*What this task involves*: Write how many lines in the records below include the string "Apple". No other text should be given.

*Dataset records*:
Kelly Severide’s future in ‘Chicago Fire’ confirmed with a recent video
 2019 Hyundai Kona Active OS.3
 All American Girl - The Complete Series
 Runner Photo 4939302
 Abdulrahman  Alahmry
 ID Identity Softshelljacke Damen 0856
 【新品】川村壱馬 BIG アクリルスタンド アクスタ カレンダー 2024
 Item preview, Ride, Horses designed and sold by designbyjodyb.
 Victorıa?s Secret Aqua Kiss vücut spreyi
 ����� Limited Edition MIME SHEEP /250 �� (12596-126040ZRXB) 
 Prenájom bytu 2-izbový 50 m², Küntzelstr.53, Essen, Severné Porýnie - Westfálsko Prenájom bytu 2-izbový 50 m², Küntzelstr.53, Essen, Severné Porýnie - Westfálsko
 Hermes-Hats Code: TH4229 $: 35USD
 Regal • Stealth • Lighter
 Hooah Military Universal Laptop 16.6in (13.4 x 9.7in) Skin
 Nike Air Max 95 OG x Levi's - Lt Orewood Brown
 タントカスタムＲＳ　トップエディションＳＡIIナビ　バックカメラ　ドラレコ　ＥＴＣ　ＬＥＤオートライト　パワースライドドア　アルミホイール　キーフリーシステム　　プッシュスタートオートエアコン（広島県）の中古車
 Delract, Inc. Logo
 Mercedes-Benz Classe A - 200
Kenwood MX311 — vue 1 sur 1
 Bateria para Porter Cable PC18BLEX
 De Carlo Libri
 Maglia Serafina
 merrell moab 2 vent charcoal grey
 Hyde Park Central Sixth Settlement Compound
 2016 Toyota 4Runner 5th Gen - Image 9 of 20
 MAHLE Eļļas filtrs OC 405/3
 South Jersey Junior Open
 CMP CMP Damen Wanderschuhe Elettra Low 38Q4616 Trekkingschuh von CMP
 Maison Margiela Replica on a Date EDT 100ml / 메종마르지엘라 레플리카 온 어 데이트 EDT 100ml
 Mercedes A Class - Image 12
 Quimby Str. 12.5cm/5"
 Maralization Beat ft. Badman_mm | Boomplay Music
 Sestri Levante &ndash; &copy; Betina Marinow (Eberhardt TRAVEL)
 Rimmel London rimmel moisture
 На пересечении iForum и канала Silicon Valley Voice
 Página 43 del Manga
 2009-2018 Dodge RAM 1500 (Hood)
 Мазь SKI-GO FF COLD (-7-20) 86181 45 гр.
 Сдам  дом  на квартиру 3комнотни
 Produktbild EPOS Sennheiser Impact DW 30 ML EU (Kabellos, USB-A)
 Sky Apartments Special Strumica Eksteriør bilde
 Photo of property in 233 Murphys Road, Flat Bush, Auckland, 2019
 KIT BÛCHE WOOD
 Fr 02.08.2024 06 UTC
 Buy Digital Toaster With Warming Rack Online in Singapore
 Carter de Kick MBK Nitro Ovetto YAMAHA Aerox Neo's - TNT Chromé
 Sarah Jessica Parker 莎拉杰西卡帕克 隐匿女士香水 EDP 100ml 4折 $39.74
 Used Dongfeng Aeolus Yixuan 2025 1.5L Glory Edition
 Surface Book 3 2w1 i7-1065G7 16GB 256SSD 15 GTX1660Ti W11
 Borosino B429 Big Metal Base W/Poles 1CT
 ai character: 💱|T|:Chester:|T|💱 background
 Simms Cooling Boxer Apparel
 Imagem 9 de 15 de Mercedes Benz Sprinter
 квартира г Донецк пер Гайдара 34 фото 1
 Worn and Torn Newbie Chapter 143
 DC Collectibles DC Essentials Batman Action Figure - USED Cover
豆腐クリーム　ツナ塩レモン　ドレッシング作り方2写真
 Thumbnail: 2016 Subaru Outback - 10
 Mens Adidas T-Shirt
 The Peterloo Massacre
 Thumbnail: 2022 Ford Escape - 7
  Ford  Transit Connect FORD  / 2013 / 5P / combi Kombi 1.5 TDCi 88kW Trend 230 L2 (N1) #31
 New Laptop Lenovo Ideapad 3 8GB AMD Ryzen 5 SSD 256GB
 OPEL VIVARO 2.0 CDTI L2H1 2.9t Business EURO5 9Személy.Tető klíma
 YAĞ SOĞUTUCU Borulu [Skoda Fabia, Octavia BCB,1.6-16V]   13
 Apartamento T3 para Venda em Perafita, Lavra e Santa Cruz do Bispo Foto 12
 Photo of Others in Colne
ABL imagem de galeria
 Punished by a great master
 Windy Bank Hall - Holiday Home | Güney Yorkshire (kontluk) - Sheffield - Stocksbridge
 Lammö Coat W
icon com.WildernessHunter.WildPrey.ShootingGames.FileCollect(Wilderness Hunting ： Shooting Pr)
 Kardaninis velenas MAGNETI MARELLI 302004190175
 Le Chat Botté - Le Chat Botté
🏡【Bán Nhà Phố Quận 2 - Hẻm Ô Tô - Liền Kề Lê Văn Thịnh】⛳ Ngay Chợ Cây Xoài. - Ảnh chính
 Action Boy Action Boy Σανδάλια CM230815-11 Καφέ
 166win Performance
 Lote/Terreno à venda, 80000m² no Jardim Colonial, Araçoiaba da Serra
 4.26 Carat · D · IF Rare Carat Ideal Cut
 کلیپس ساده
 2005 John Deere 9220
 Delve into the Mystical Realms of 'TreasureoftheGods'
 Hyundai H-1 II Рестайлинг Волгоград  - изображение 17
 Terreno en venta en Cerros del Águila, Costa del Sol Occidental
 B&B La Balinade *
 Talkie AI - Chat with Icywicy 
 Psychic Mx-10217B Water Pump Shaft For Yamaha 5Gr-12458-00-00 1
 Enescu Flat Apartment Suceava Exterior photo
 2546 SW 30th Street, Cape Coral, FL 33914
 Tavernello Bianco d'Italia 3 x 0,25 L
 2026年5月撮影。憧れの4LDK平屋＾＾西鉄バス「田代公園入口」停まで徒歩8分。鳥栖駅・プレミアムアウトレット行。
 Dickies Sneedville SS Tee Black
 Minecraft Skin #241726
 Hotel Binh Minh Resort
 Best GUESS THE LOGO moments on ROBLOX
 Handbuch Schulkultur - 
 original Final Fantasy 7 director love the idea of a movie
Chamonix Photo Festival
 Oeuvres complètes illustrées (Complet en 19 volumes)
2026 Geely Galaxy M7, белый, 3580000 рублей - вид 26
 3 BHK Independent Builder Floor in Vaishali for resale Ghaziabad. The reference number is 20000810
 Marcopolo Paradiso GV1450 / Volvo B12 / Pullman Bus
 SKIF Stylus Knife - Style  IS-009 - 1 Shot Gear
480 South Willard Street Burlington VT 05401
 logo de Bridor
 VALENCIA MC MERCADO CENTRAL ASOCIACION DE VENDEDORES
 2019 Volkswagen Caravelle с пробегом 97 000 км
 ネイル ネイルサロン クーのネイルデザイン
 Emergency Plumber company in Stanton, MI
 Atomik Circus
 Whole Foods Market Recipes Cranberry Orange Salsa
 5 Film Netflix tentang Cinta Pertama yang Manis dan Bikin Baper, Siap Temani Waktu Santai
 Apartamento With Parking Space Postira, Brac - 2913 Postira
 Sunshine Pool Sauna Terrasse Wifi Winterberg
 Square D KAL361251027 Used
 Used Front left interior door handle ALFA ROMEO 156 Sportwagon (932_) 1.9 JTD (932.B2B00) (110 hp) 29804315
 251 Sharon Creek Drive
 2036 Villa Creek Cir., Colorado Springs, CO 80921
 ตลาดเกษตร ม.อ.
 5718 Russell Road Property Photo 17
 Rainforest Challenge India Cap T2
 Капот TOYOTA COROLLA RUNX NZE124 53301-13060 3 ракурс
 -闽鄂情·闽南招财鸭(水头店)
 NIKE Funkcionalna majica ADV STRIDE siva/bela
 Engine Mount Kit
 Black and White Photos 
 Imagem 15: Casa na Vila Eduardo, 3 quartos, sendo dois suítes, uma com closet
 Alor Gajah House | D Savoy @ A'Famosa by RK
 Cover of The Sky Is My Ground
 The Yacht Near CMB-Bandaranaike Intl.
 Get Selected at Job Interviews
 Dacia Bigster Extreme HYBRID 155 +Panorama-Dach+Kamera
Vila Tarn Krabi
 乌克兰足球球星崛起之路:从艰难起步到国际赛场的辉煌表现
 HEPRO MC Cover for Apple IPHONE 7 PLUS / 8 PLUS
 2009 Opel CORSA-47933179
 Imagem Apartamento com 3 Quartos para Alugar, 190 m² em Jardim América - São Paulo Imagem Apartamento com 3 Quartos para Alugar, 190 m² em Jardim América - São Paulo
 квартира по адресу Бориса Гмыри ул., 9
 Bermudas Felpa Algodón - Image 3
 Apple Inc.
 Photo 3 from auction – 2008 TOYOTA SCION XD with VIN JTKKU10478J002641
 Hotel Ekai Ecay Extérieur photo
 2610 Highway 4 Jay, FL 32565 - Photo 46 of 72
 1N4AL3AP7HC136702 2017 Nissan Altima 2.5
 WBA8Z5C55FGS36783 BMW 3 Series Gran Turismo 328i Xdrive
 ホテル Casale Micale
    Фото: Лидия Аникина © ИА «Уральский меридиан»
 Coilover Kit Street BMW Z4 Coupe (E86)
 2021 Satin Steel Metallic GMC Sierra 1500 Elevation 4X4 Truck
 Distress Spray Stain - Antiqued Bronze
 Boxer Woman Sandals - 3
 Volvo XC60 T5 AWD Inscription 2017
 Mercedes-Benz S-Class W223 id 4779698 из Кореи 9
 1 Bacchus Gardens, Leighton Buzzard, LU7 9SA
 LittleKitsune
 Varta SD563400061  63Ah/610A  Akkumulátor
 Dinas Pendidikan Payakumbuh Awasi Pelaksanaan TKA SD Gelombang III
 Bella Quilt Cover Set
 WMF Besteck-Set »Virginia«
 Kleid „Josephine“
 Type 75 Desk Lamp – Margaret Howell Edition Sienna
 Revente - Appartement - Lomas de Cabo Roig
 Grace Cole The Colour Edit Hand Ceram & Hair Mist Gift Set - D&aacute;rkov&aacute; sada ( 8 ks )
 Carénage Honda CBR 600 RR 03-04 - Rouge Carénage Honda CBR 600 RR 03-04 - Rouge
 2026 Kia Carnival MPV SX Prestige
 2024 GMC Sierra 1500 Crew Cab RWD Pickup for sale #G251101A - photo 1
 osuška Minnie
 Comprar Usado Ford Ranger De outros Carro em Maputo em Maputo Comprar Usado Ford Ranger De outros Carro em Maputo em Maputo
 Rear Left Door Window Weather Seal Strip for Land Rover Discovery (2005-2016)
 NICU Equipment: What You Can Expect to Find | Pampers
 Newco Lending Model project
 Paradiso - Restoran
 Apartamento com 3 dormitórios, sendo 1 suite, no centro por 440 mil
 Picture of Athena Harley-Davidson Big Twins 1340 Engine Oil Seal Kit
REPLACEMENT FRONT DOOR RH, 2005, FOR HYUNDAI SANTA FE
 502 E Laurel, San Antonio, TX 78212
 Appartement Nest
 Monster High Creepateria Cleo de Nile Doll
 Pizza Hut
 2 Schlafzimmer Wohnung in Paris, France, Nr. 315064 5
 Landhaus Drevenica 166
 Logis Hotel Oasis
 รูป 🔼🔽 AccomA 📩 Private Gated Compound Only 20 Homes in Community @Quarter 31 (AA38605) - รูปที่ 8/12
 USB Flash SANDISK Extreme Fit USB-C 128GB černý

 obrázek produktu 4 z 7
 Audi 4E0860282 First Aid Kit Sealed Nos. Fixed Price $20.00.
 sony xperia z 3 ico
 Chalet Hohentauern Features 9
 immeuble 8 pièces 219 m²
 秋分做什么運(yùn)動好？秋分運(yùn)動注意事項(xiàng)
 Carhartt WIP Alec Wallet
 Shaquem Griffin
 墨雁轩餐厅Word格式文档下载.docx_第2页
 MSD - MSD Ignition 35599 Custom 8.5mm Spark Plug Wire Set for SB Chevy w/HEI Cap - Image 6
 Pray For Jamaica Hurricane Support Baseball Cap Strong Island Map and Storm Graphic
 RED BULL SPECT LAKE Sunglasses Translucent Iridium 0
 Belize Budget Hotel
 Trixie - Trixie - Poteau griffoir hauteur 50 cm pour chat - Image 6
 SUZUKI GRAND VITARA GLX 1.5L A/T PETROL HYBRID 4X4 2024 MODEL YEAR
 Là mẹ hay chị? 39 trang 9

*Result below*: 2